Laffoley, who The New York Times called “one of the most unusual creative minds of our time”, believes we are entering a new phase of modernism that will entail an architecture that is physically alive. He calls it the Bauharoque, mixing the Bauhaus school of design's utopian ideals with the theatricality of Baroque art and architecture.

This aesthetic is shared by Canadian architect Richard Greaves's human nests, in which windows dangle and branches and beams canoodle. Greaves doesn't use nails, but binds his cabins with rope so that the structures can move. His precarious shelters, made in a Canadian field from recycled wood and salvaged architectural materials, are on show in photographs and a model.

Equally motile and dramatic are walking, jumping, wall-climbing robot dolls by Wu Yulu, a Chinese farmer and self-taught roboticist. Their shabby, child-like appearance seems more humane than shiny plastic and metal cyborgs, or the robot cosmonauts sketched in the 1950s and 60s by French civil engineer Jean Perdrizet that are also on show.

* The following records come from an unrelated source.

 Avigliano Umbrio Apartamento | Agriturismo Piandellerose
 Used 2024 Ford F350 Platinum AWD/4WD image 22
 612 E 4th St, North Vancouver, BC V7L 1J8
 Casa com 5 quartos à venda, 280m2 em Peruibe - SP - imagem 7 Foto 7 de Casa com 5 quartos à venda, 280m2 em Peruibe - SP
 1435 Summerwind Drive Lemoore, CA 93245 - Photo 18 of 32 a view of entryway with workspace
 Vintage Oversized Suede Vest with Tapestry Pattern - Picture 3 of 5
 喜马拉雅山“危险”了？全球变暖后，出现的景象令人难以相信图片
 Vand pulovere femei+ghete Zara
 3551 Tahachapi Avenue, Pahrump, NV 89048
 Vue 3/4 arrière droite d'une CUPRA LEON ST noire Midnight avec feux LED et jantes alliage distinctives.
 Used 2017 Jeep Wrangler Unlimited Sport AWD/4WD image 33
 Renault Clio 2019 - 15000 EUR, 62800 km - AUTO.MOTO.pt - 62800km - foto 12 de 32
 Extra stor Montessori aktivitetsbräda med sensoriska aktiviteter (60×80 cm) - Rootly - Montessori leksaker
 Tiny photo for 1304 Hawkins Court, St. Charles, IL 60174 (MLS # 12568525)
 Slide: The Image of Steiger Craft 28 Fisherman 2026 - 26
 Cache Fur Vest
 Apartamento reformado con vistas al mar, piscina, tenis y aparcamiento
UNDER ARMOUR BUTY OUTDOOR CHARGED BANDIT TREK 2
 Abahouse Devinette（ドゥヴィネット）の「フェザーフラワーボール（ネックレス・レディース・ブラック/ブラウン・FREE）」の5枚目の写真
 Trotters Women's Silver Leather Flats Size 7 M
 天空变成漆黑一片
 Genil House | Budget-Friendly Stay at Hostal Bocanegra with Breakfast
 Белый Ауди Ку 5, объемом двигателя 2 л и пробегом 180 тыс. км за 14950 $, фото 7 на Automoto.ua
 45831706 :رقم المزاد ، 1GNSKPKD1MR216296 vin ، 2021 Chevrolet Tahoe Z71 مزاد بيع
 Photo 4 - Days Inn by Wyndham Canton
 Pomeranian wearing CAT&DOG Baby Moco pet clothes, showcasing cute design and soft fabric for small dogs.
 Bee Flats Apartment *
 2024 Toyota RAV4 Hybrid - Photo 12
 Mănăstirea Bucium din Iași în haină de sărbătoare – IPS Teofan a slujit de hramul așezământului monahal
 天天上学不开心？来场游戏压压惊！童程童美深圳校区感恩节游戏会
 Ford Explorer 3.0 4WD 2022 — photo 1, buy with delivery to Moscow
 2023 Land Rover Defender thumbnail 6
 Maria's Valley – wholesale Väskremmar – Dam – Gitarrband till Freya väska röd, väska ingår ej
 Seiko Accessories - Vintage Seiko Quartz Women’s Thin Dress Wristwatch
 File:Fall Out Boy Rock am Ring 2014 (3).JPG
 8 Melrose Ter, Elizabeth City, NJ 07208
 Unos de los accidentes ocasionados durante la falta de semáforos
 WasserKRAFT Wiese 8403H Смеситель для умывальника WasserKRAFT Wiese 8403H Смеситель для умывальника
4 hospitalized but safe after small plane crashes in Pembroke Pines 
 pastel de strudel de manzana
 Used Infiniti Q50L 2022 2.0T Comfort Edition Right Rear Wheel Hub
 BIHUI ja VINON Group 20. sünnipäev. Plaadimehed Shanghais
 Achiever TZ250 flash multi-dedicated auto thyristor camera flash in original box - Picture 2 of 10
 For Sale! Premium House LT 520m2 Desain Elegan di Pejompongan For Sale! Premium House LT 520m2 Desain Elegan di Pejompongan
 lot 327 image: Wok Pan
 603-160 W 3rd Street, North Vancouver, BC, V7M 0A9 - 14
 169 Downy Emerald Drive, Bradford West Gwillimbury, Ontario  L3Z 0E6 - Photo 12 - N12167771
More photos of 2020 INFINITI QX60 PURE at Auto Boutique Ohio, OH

Physics and maths receive a fresh take here. Philip Blackmarr depicts his 'quantum geometry' in pen-and-ink drawings of vibrating sinusoidal waves so precise that they resemble computer printouts. Connections between the Mayan and Chinese number systems and Goethe's colour theory are explored in rainbow chequerboard paintings by American artist Alfred Jensen. George Widener, a professed 'time traveller' and autistic, can tell immediately what day of the week any future date will fall on, and turns dates into intricate sketches of magic number squares and cities.

Any scientist visiting this alternative universe will find themselves, as I did, poring over blueprints to try to figure out how the machines depicted work, or discerning the mathematical patterns behind the painted squares. Given how much we still don't know, this show importantly asks: are you sure your universe is the right one?